General characteristics
- Class & type: Casco-class monitor
- Displacement: 1,175 long tons (1,194 t)
- Length: 225 ft (69 m)
- Beam: 45 ft (14 m)
- Draft: 9 ft (2.7 m)
- Propulsion: Screw steamer
- Speed: 9 knots (10 mph; 17 km/h)
- Complement: 69 officers and enlisted
- Armament: 2 × guns of unknown type
- Armor: Turret: 8 in (200 mm); Pilothouse: 10 in (250 mm); Hull: 3 in (76 mm); Deck: 3 in (76 mm);

= USS Shawnee =

USS Shawnee was a single-turreted, twin-screw monitor built by Curtis & Tilden, Boston, Massachusetts, United States. It was delivered 22 July 1865, and commissioned 18 August 1865.

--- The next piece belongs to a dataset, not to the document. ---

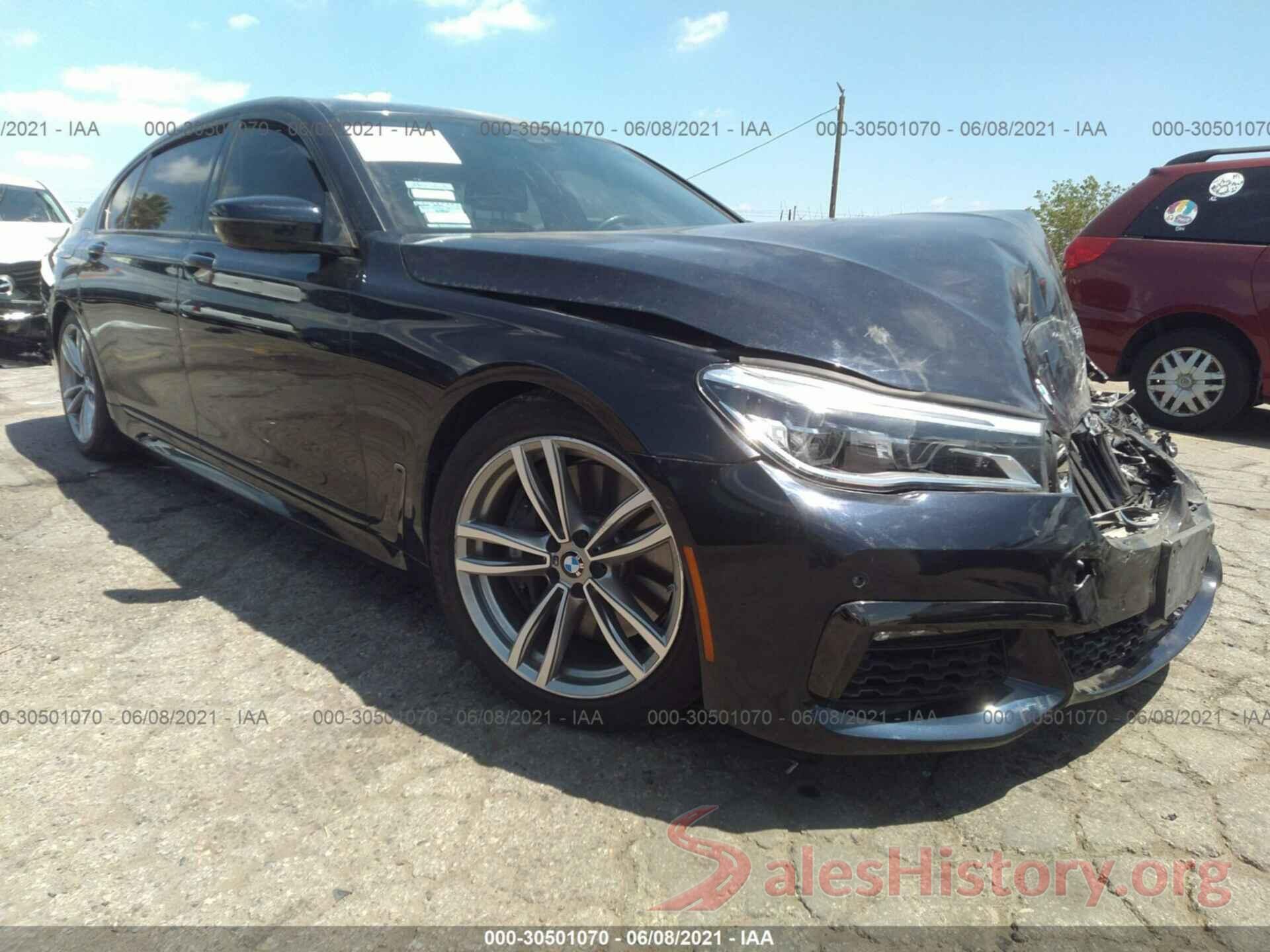 WBA7F0C54GGL99935 2016 BMW 7 SERIES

Shawnee was a Casco-class, light-draft monitor intended for service in the shallow bays, rivers, and inlets of the Confederacy. These warships sacrificed armor plate for a shallow draft and were fitted with a ballast compartment designed to lower them in the water during battle.

==Design revisions==

Though the original designs for the Casco-class monitors were drawn by John Ericsson, the final revision was created by Chief Engineer Alban C. Stimers following Rear Admiral Samuel F. Du Pont's failed bombardment of Fort Sumter in 1863. By the time that the plans were put before the Monitor Board in New York City, Ericsson and Simers had a poor relationship, and Chief of the Bureau of Construction and Repair John Lenthall had little connection to the board. This resulted in the plans being approved and 20 vessels ordered without serious scrutiny of the new design. $14 million US was allocated for the construction of these vessels. It was discovered that Stimers had failed to compensate for the armor his revisions added to the original plan and this resulted in excessive stress on the wooden hull frames and a freeboard of only 3 inches. Stimers was removed from the control of the project and Ericsson was called in to undo the damage. He was forced to raise the hulls of the monitors under construction by 22 inches to make them seaworthy.

==Fate==

Therefore, the Navy Department ordered on 10 November 1865 that Shawnee to be laid up in ordinary at the Boston Navy Yard. In June 1869, she was renamed Eolus, but regained her original name less than two months later. Shawnee was sold for scrap on 9 September 1875.